TRY IT. Look through the records below for the line holding "Fractal-math-geometry-visualization Pink Men". Write it out exactly, with each following line through the line holding "Women Long Sleeve".
===== MATERIAL PROVIDED =====
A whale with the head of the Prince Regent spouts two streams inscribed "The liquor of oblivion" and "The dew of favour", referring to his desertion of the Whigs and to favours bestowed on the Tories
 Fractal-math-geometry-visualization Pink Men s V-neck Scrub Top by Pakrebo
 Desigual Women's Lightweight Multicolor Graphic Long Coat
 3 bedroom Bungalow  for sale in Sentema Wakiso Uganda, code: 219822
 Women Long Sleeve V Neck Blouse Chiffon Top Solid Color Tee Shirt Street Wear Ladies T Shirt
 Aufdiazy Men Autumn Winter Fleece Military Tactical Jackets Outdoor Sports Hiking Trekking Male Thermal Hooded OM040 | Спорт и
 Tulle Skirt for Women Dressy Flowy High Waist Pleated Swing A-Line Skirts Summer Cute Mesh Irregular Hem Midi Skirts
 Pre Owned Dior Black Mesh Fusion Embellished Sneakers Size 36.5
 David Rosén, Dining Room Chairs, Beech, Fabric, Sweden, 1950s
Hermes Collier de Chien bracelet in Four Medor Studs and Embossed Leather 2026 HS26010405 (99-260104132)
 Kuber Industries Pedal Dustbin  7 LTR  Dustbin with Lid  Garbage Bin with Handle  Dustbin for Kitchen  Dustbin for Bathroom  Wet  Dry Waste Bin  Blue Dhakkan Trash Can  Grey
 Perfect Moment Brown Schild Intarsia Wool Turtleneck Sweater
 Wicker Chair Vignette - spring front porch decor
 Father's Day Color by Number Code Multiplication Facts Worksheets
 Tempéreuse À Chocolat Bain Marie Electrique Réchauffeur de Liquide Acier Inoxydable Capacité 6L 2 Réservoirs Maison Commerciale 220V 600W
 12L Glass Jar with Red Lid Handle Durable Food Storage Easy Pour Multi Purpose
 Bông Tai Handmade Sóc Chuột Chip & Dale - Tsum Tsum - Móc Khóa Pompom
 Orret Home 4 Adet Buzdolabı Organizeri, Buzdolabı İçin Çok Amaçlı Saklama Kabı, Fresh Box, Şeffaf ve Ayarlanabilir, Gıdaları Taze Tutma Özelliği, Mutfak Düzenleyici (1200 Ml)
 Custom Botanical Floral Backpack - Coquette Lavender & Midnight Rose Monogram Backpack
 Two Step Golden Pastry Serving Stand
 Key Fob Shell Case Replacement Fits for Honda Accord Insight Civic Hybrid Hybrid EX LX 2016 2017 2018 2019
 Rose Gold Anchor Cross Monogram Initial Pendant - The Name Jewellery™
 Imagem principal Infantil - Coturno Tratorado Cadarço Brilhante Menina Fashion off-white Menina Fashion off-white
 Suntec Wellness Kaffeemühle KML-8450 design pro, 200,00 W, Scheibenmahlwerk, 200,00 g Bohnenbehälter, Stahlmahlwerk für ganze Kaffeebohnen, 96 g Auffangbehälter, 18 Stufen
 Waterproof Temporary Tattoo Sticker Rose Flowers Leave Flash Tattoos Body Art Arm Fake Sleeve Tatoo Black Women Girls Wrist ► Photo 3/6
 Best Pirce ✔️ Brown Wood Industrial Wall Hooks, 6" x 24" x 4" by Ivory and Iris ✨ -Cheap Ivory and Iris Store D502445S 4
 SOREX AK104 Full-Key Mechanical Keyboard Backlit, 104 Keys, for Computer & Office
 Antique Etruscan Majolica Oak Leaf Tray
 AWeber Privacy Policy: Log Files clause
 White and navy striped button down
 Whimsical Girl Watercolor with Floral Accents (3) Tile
=====
SOLUTION TO THE PROBLEM.
 Fractal-math-geometry-visualization Pink Men s V-neck Scrub Top by Pakrebo
 Desigual Women's Lightweight Multicolor Graphic Long Coat
 3 bedroom Bungalow  for sale in Sentema Wakiso Uganda, code: 219822
 Women Long Sleeve V Neck Blouse Chiffon Top Solid Color Tee Shirt Street Wear Ladies T Shirt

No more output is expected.